(Short descriptive text snippets)
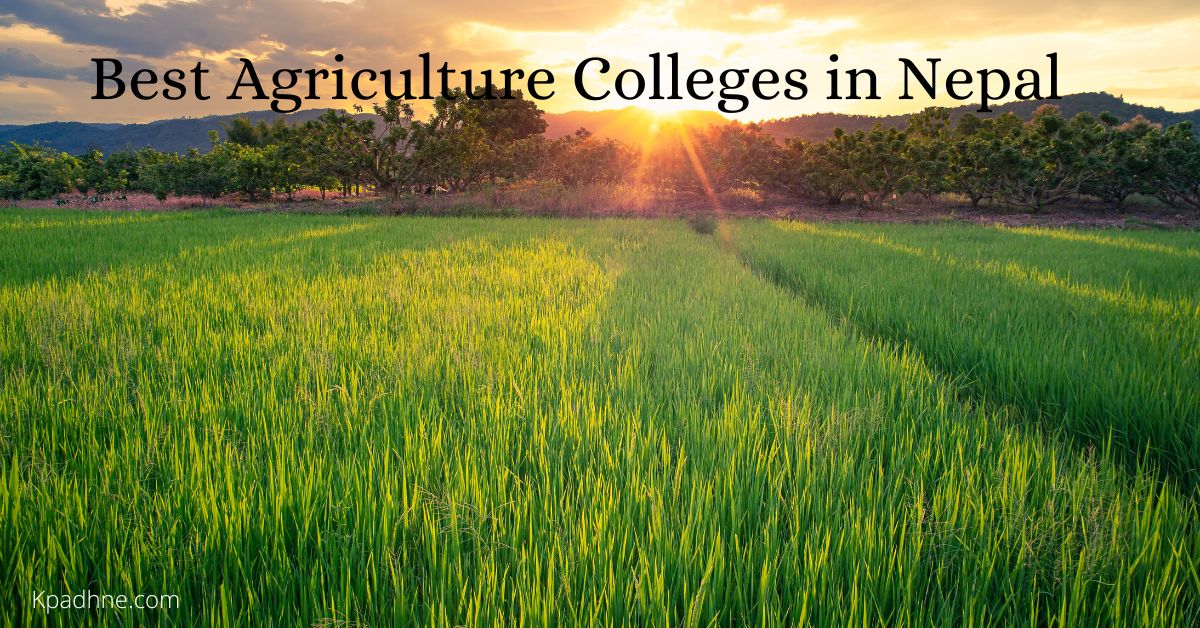 Best Agriculture Colleges in Nepal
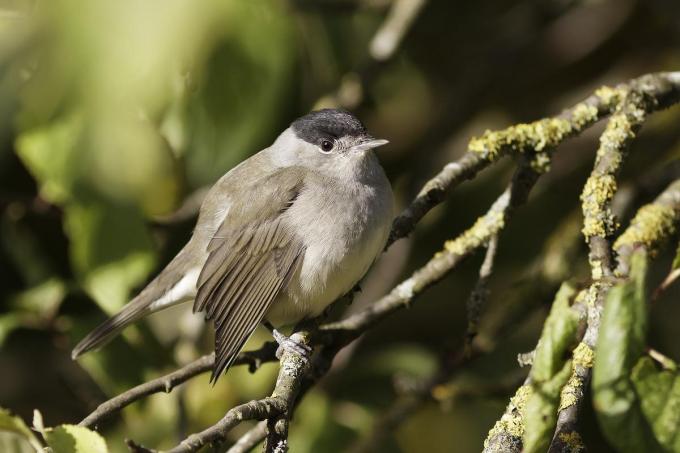 Zwin Natuur Park in Knokke-Heist ringt ruim 8.000 vogels voor wetenschappelijk onderzoek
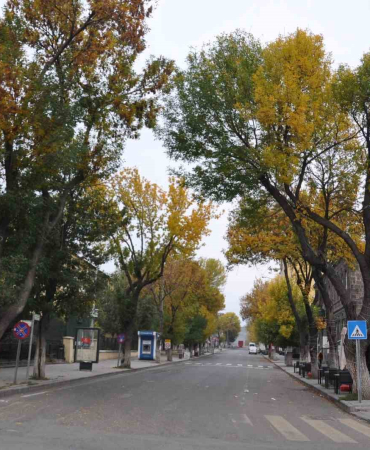 Karsta Sonbahar Güzelli̇ği̇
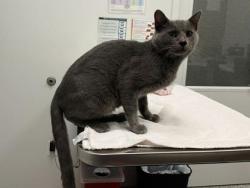Shelter Stray Male Cat last seen Monroe Ave & E 33rd St, 64128, 64128, MO, 7077 Elmwood Ave, Kansas City, MO 64132, USA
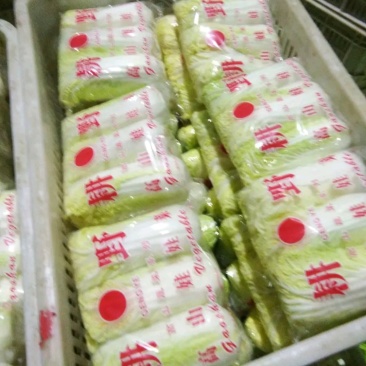 娃娃菜金品精品超精品酒店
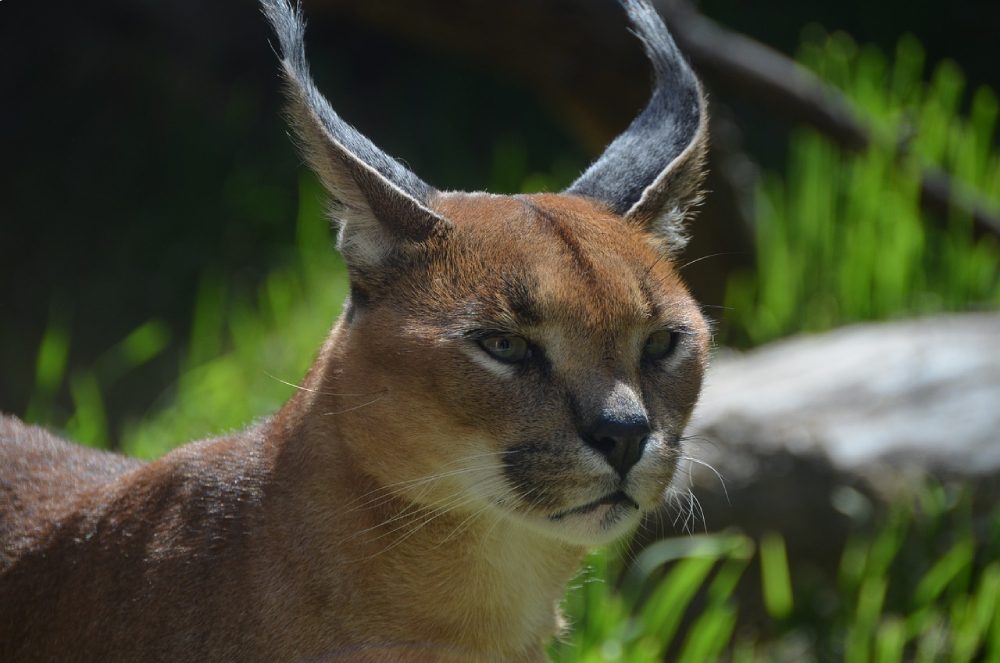 Caracal Wild Cat with ear tuft face close up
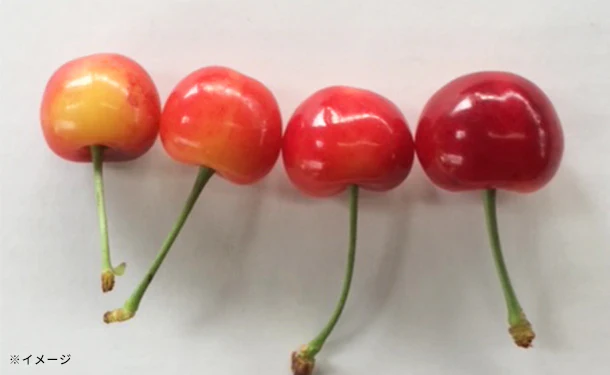 「紅秀峰お徳用バラ詰」1kg - Image 3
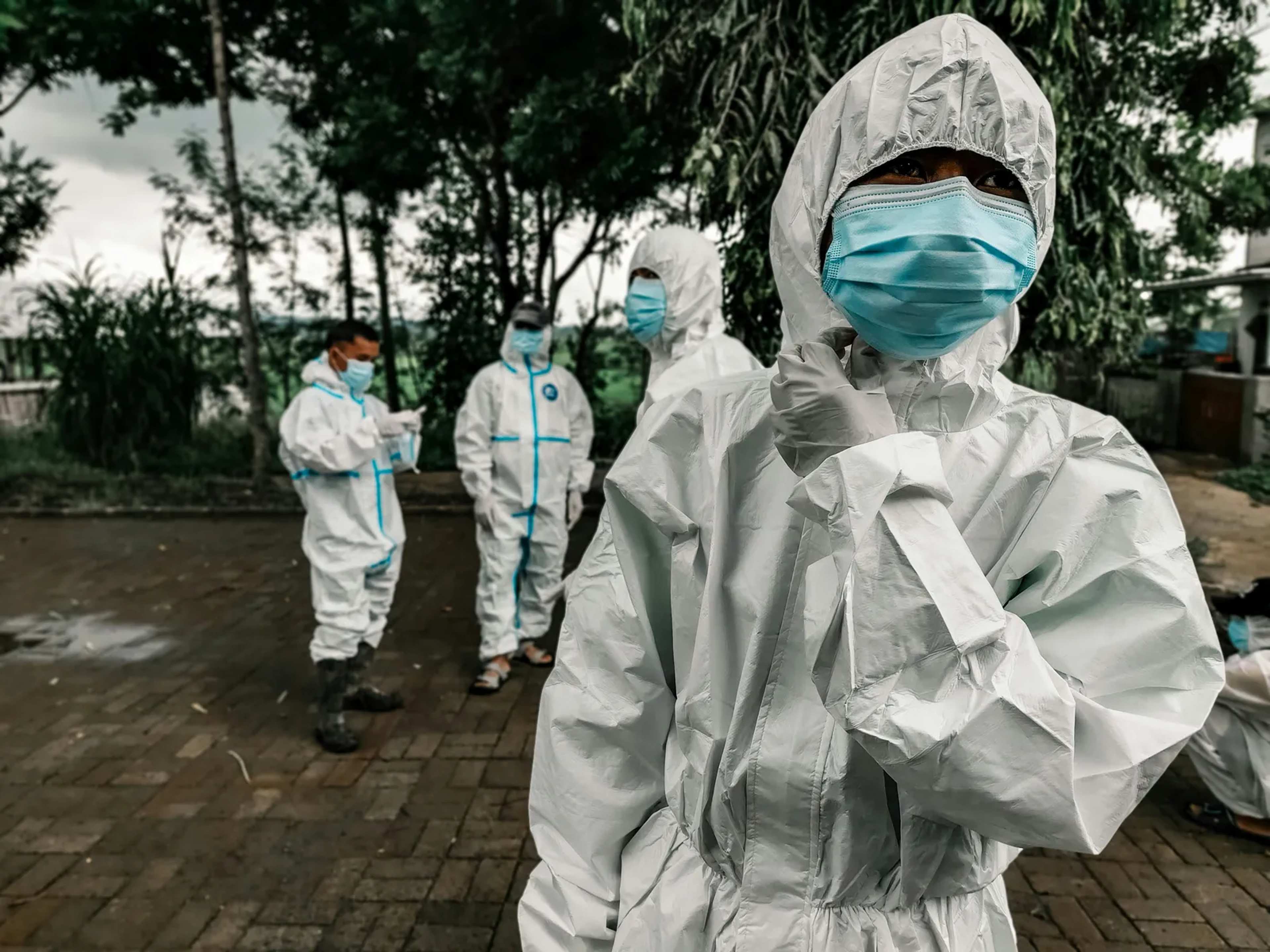 Dengue Fever in Florida: How Travelers Can Stay Protected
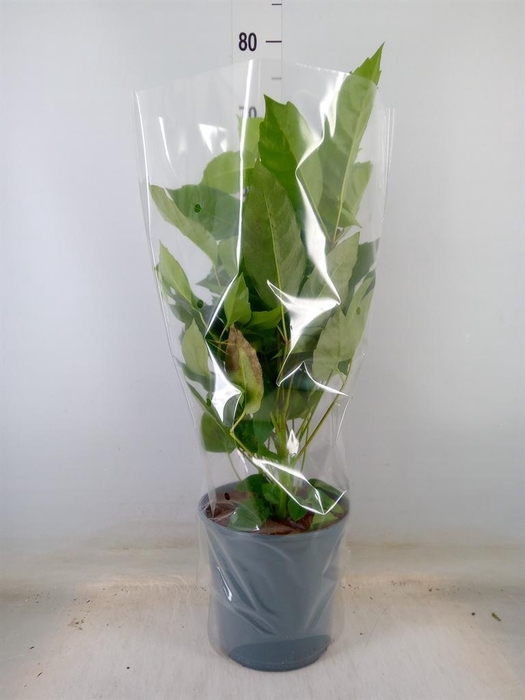 <h4>Schefflera actin.</h4>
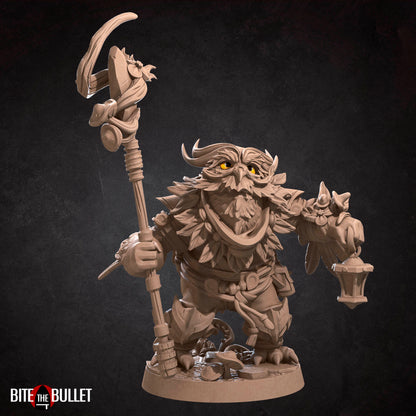 Owlfolk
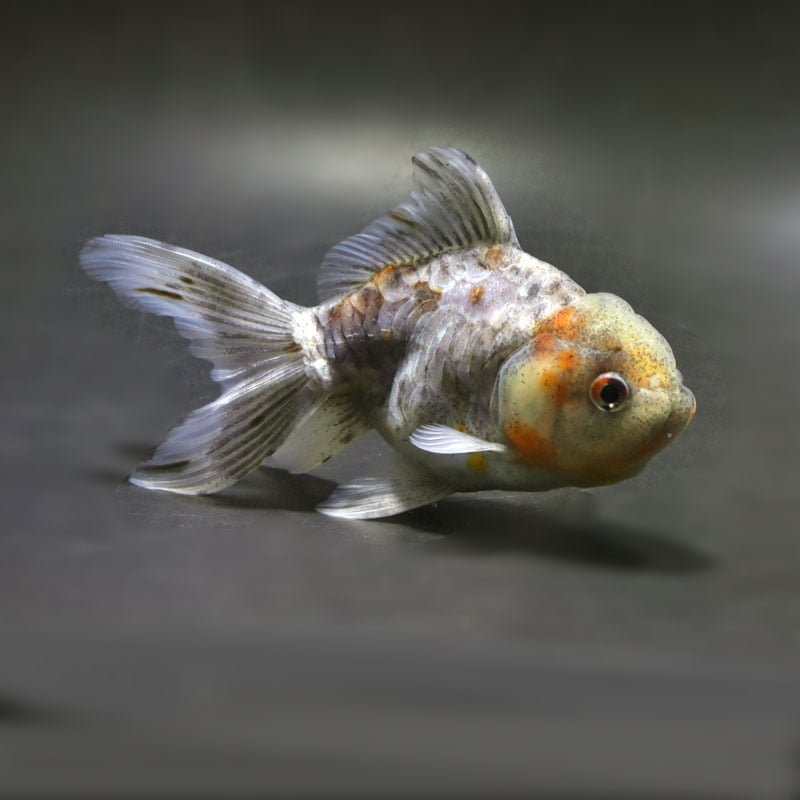 金魚の通販は「金魚王子 オンラインストア」金魚専門店 販売 | 商品一覧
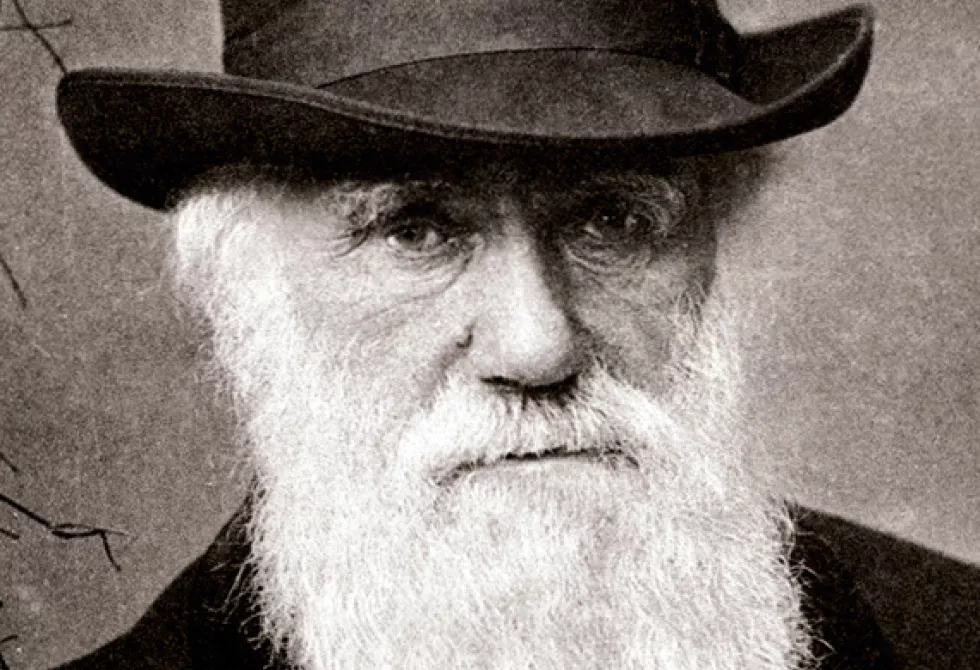darwin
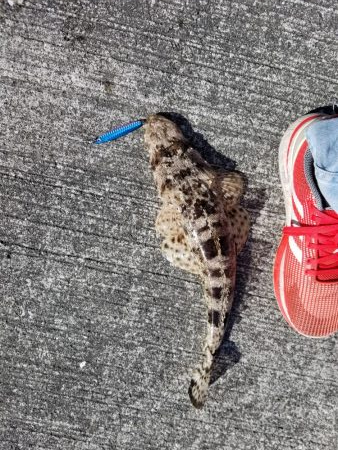 アオリ来んな、、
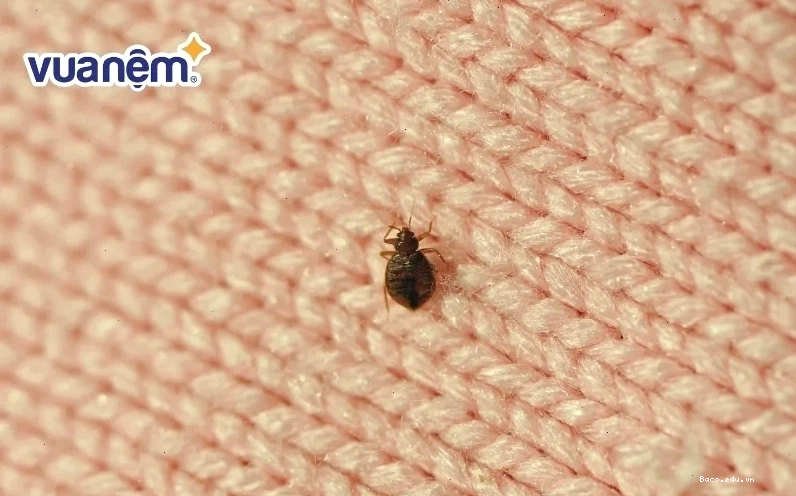 Rệp giường có thể gây ảnh hưởng đến chất lượng giấc ngủ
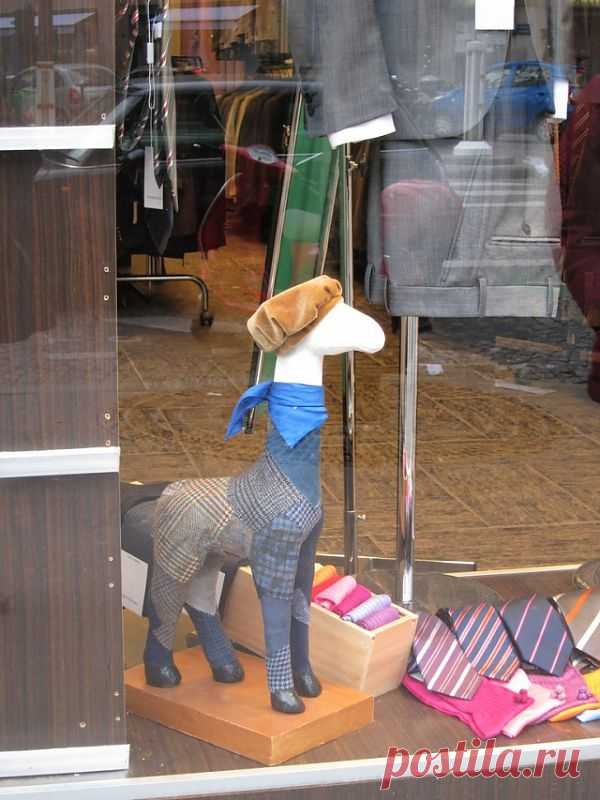 Витрина в Париже / Арт-объекты / Модный сайт о стильной переделке одежды и интерьера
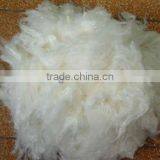 1.5D*38MMfunctional Fiber Hot Selling Soybean Fiber thumbnail-1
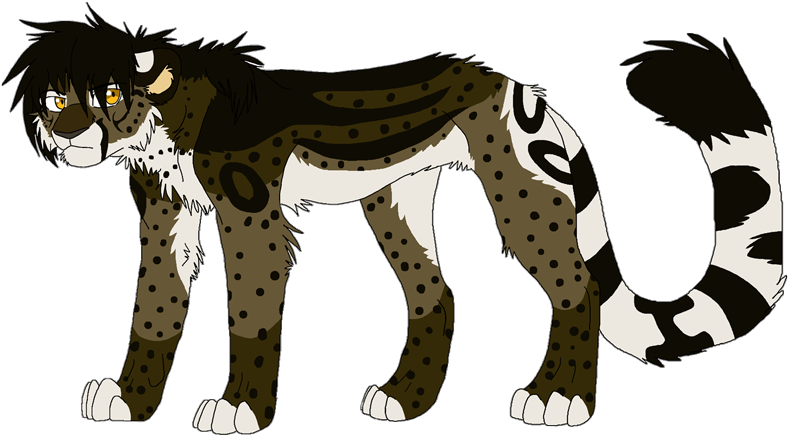 Big Cats - Big Cats (800x443)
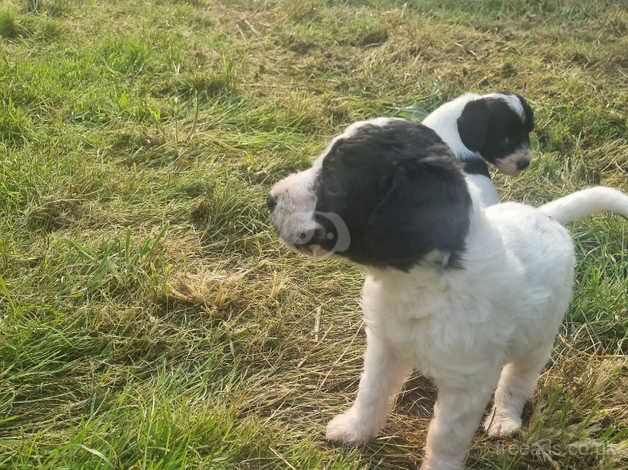 Beautiful Cockerpoo cross puppies for sale in Nantwich, Cheshire - Image 3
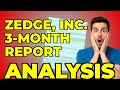 ZDG EMOJI IMPAIRMENT: My Biggest Concern about the Latest Filing
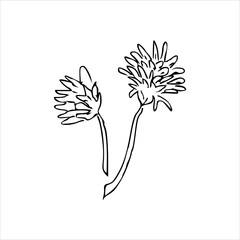 Hand draw plant Two Burdocks Outline Vector illustration on white background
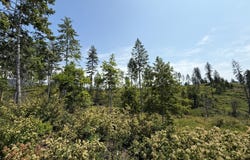 TBD ROCKABYE LN, CURLEW, WA 99118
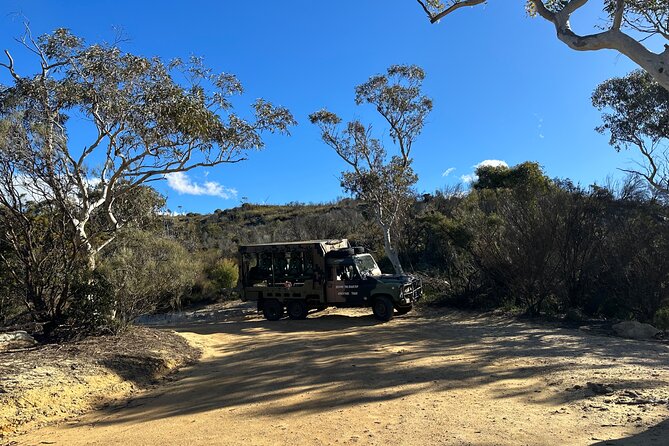 Army Truck Adventures - 3 Hour Guided Tour - Guides in the driver’s seat: how the human touch changes the ride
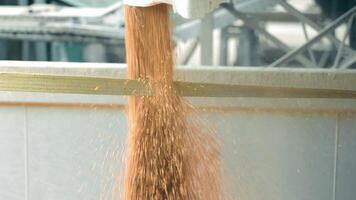 loading grain into a truck close-up. Soybeans are loaded for transportation. Concept of harvesting. Slow mo Close up video
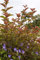 Fasanenspiere Physocarpus opulifolius 'Lady in Red' -R- im Topf gewachsen ca. 60-100cm
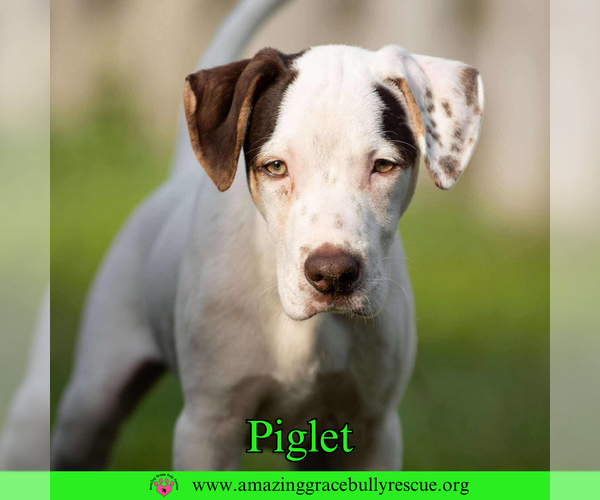 Medium Photo #4 Jack Russell Terrier-Unknown Mix Puppy For Sale in Pensacola, FL, USA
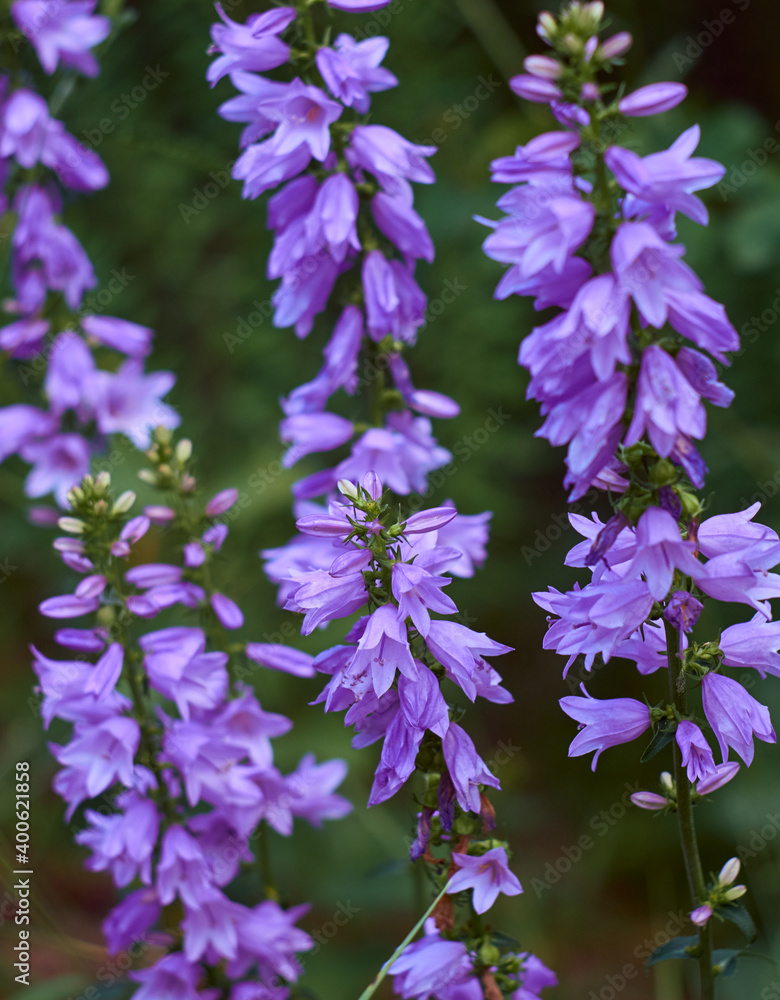 Campanula persicifolia flower blooming. Campanula persicifolia flower blooming.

WHAT TO DO — Exclude every picture, then reproduce the remaining data character for character.

TASK RESPONSE —
 Best Agriculture Colleges in Nepal
 Zwin Natuur Park in Knokke-Heist ringt ruim 8.000 vogels voor wetenschappelijk onderzoek
 Karsta Sonbahar Güzelli̇ği̇
Shelter Stray Male Cat last seen Monroe Ave & E 33rd St, 64128, 64128, MO, 7077 Elmwood Ave, Kansas City, MO 64132, USA
 娃娃菜金品精品超精品酒店
 Caracal Wild Cat with ear tuft face close up
 「紅秀峰お徳用バラ詰」1kg - Image 3
 Dengue Fever in Florida: How Travelers Can Stay Protected
 <h4>Schefflera actin.</h4>
 Owlfolk
 金魚の通販は「金魚王子 オンラインストア」金魚専門店 販売 | 商品一覧
darwin
 アオリ来んな、、
 Rệp giường có thể gây ảnh hưởng đến chất lượng giấc ngủ
 Витрина в Париже / Арт-объекты / Модный сайт о стильной переделке одежды и интерьера
 1.5D*38MMfunctional Fiber Hot Selling Soybean Fiber thumbnail-1
 Big Cats - Big Cats (800x443)
 Beautiful Cockerpoo cross puppies for sale in Nantwich, Cheshire - Image 3
 ZDG EMOJI IMPAIRMENT: My Biggest Concern about the Latest Filing
 Hand draw plant Two Burdocks Outline Vector illustration on white background
 TBD ROCKABYE LN, CURLEW, WA 99118
 Army Truck Adventures - 3 Hour Guided Tour - Guides in the driver’s seat: how the human touch changes the ride
 loading grain into a truck close-up. Soybeans are loaded for transportation. Concept of harvesting. Slow mo Close up video
 Fasanenspiere Physocarpus opulifolius 'Lady in Red' -R- im Topf gewachsen ca. 60-100cm
 Medium Photo #4 Jack Russell Terrier-Unknown Mix Puppy For Sale in Pensacola, FL, USA
 Campanula persicifolia flower blooming. Campanula persicifolia flower blooming.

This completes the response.